From Where I Stand: I see my family happier and healthier because of my work
Bella, 26, was forced to move to Kakuma’s Refugee Camp with her three children. Arriving without income, they struggled to make the family food rations last. Now she is a tailor, producing clothes and bags that are sold in the camp and to external markets.
Being a refugee is a challenge on its own. When I arrived in Kakuma refugee camp, I didn't have any skills to do generate income and taking care of my family was hard. The rations we get sometimes don't reach to the end of the month and that motivated me to join the women’s group so I could earn money. When I joined, I was taught skills in jewelry, basketry, fashion and design and I found that my passion lay in tailoring dresses and making bags.
These skills have really helped me. I can now make some money to buy some extra non-food items and take care of my family.. We sell the clothes and bags we make at our business center in Kalobeyei and at various Don Bosco offices in Kakuma, where customers can pass by and buy the products. Some of our products even get sold in the UN gift shops in Nairobi and soon we will have them online.
I want to learn more so that one day in the future I will open my own shop and teach others and employ them. I see my family happier and healthier because of my work. If we run out of things like cooking oil before the next rations, I am able to buy some for them.
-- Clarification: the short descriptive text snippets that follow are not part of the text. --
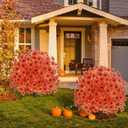 Geegoods Set of 2 Artificial Topiary Ball Tree with Flower for Outdoor, Fall Fake Shrubs Bushes with Ground Spikes, UV Resistant Faux Boxwoods Plants for Garden Porch Patio Decor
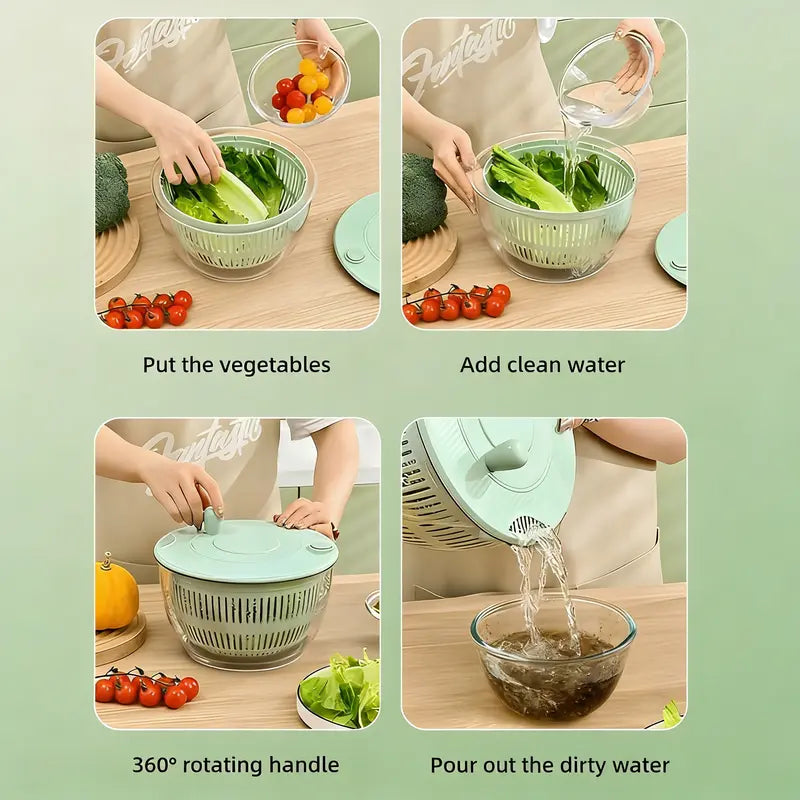 5.3 Qt Large Functional Plastic 3-in-1 Rotating Salad Spinner Set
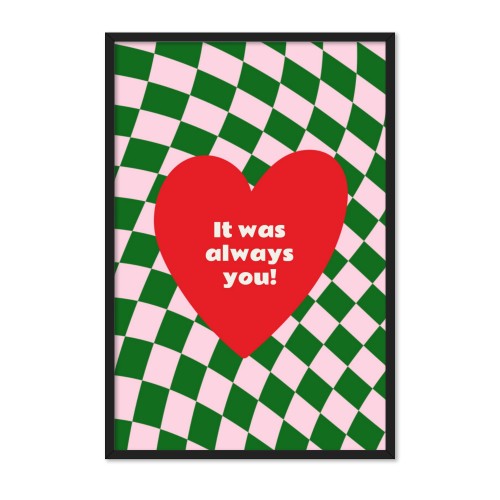 Innrammet poster 30 x 45 cm Svart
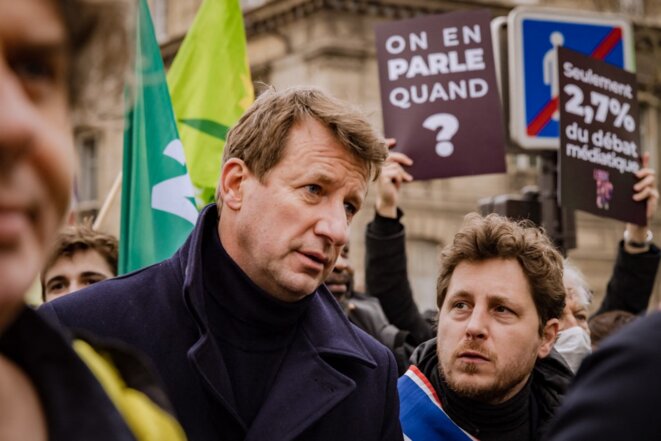 Yannick Jadot le 12 mars 2022, lors d'une marche climat à Paris. © Julien Helaine / Hans Lucas / Hans Lucas via AFP
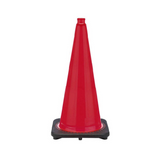 28" Red Traffic Cone, 7 lb Black Base, w/6" & 4" 3M Reflective Collars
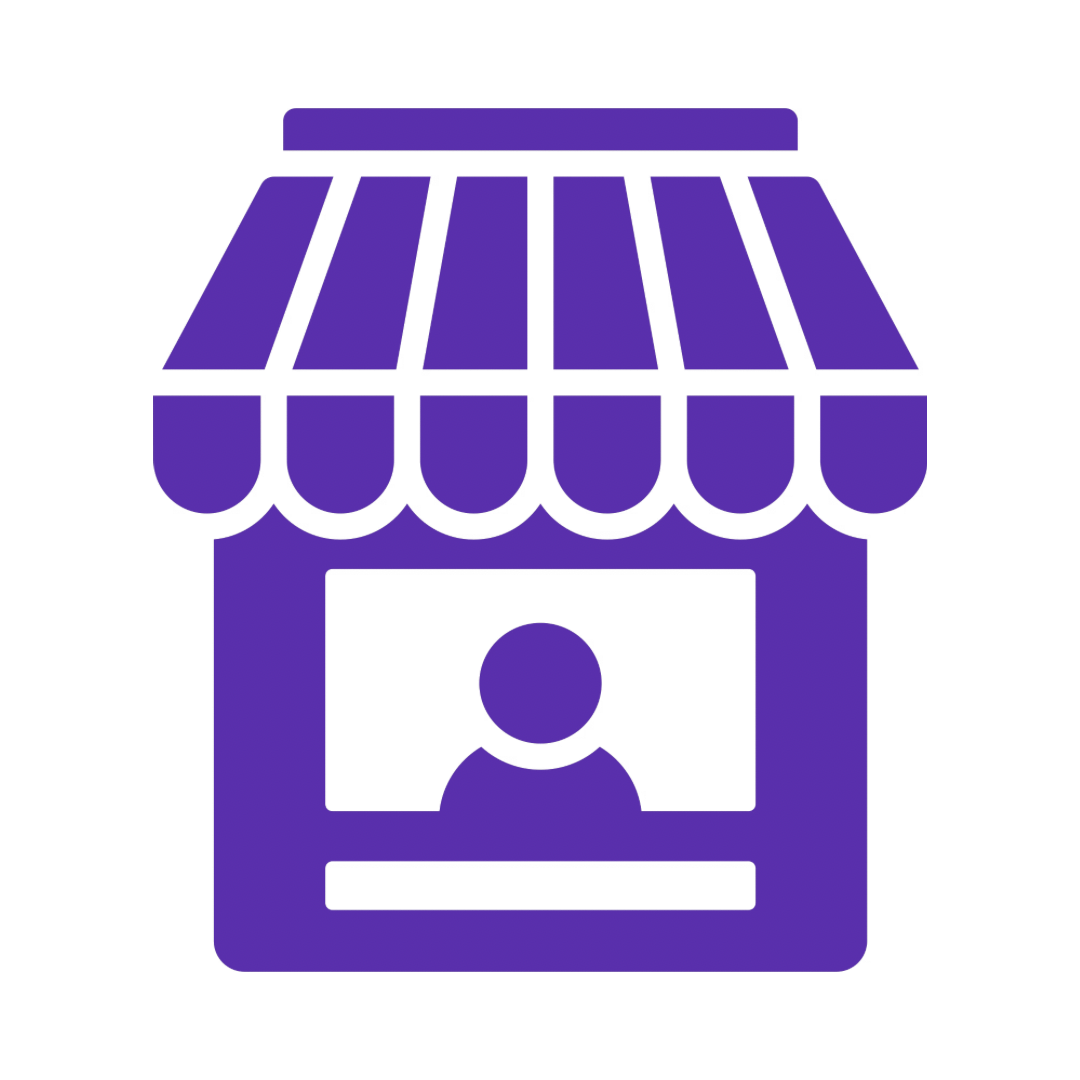 Icon of a small store or shop with a striped awning and a person inside, depicted in purple.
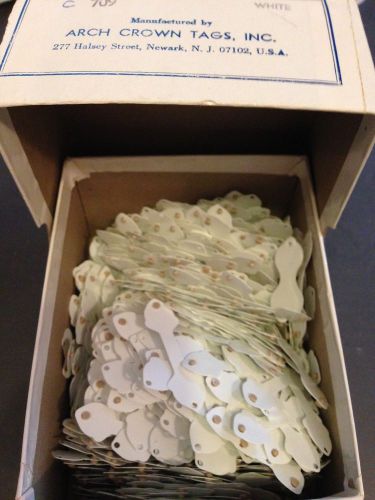 Box of Arch Crown Button-Fast Jewelry tags new in box - White C709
Bella, 26, is a beneficiary of a UN Women Leadership, Empowerment, Access and Protection project, implemented by Don Bosco in Kalobeyei settlement, Kakuma, Kenya. The project aligns with SDG 5 as it supports refugee and host communities’ women and girls in accessing new sources of income and economic opportunities through skills and livelihoods development and increasing the access of vulnerable women and girls to effective services & protection mechanisms through social spaces in refugee and host communities.